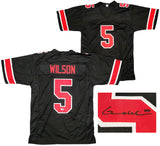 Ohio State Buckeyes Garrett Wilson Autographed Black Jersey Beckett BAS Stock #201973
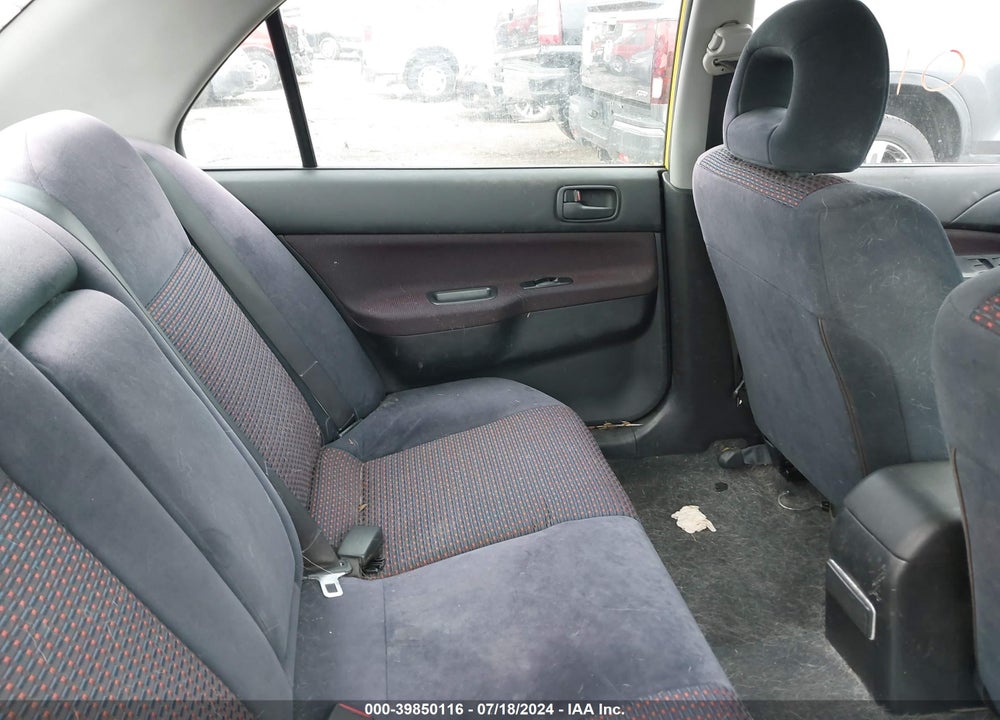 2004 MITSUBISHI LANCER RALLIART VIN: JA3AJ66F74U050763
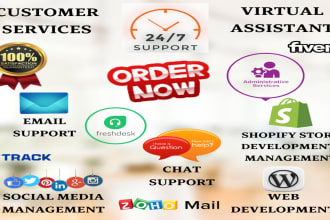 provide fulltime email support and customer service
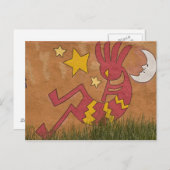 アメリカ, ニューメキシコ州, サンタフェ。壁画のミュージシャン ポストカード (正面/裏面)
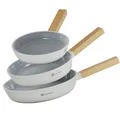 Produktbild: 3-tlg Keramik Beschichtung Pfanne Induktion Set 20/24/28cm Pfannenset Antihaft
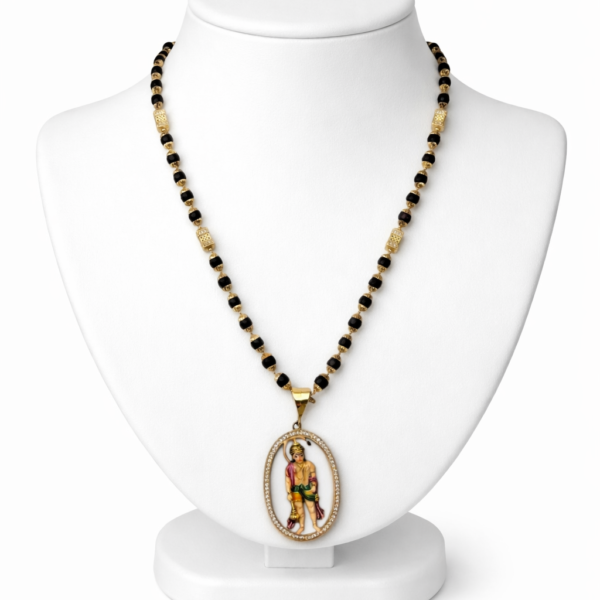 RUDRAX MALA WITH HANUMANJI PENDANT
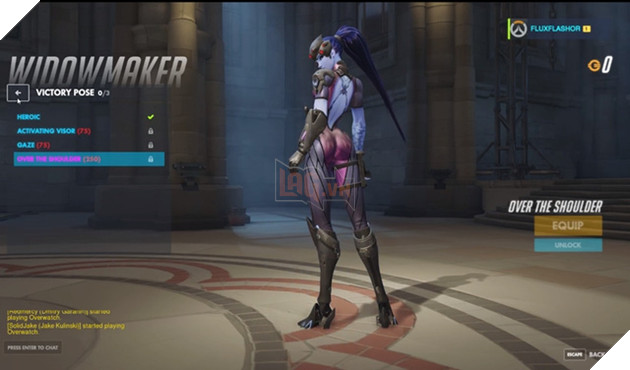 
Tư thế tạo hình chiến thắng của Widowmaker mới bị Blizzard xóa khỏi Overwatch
▬▬▬
*Your task*:
What you give back must be exactly the lines from the opening line of the entries through the line holding "アメリカ, ニューメキシコ州, サンタフェ。壁画のミュージシャン", with no pictures.

*Result of this task*:
 Ohio State Buckeyes Garrett Wilson Autographed Black Jersey Beckett BAS Stock #201973
 2004 MITSUBISHI LANCER RALLIART VIN: JA3AJ66F74U050763
 provide fulltime email support and customer service
 アメリカ, ニューメキシコ州, サンタフェ。壁画のミュージシャン ポストカード (正面/裏面)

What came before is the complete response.